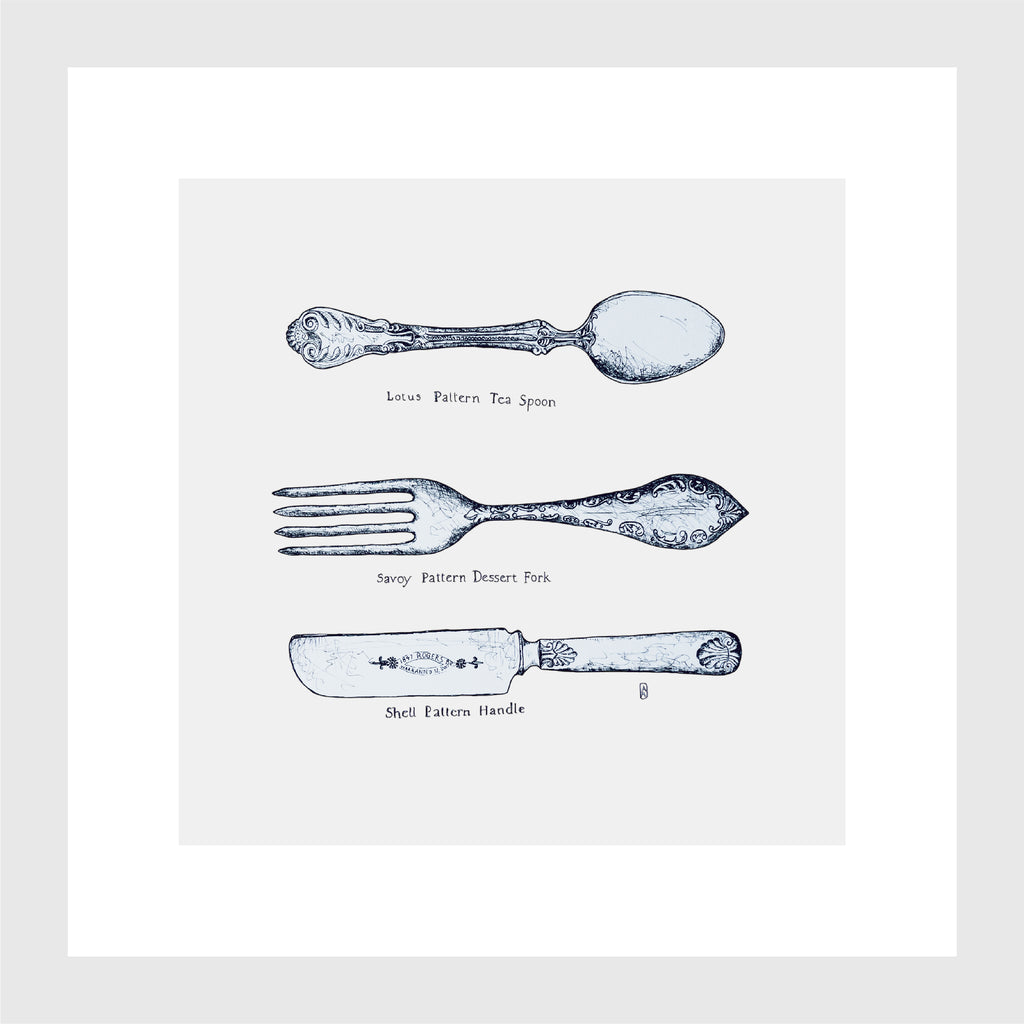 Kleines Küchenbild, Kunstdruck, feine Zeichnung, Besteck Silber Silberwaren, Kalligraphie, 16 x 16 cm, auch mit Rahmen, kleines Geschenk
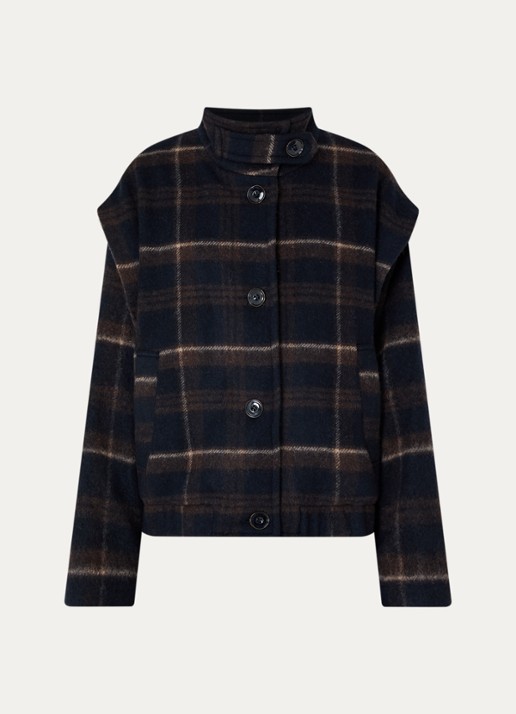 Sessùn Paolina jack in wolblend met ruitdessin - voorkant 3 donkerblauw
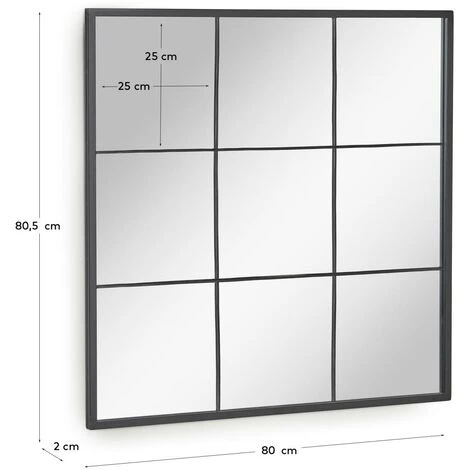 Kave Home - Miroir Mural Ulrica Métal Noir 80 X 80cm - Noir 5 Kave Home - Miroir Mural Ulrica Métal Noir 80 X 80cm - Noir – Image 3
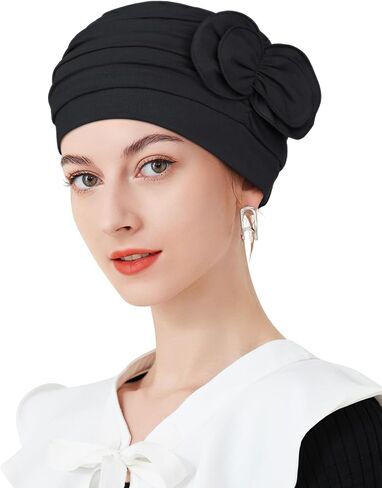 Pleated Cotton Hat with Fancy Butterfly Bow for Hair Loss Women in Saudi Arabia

-=-=-=-=-

• What you have to do:
The lines from the one holding "Sessùn Paolina jack" through the end of the material above are to be echoed exactly, both ends included. Do not include pictures.

• Output for this exercise:
 Sessùn Paolina jack in wolblend met ruitdessin - voorkant 3 donkerblauw
 Kave Home - Miroir Mural Ulrica Métal Noir 80 X 80cm - Noir 5 Kave Home - Miroir Mural Ulrica Métal Noir 80 X 80cm - Noir – Image 3
 Pleated Cotton Hat with Fancy Butterfly Bow for Hair Loss Women in Saudi Arabia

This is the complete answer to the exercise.